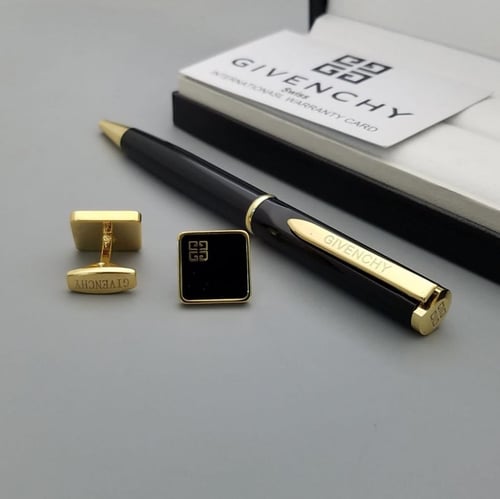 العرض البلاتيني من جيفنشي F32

____

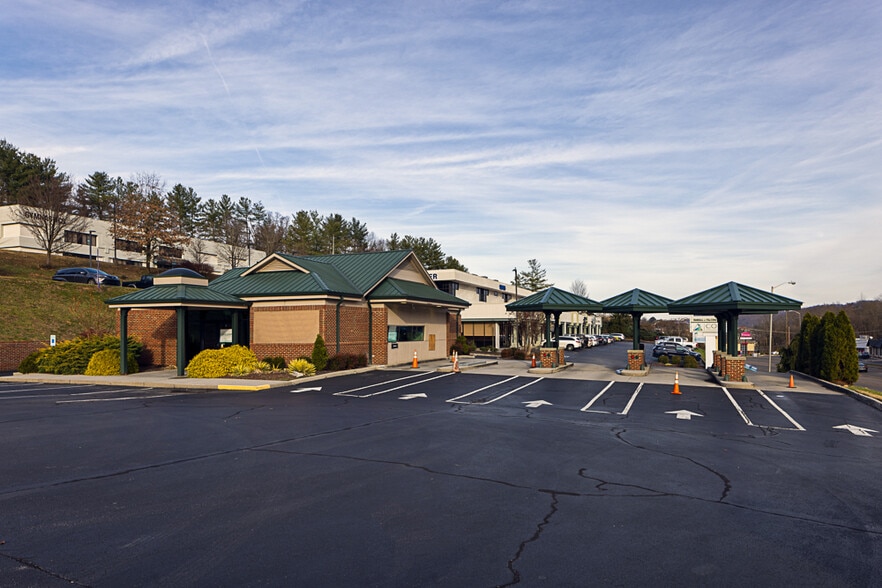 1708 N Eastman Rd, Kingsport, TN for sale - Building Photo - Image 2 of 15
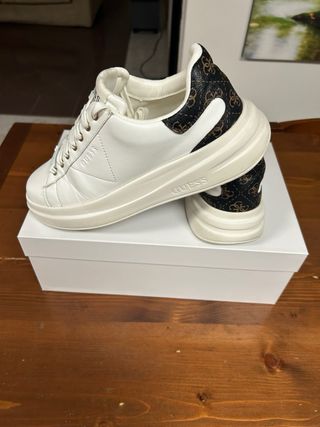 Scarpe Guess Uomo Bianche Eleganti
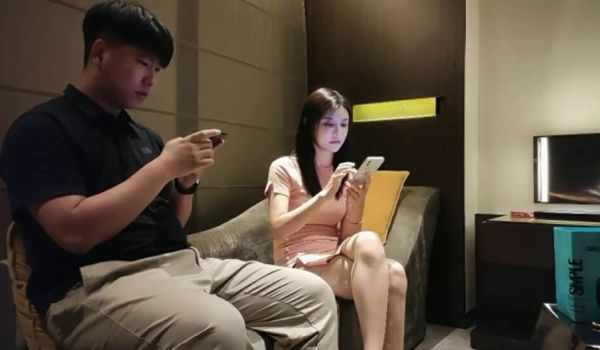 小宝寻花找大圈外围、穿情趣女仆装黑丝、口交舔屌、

____

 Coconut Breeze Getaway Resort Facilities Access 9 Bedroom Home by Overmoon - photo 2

____

▸ **AIM OF THE EXERCISE**:
Write out the lines above from the one with "1708 N Eastman" through the one with "小宝寻花找大圈外围、穿情趣女仆装黑丝、口交舔屌、", ends included, exactly; no picture goes in.

▸ **RESPONSE AREA**:
 1708 N Eastman Rd, Kingsport, TN for sale - Building Photo - Image 2 of 15
 Scarpe Guess Uomo Bianche Eleganti
 小宝寻花找大圈外围、穿情趣女仆装黑丝、口交舔屌、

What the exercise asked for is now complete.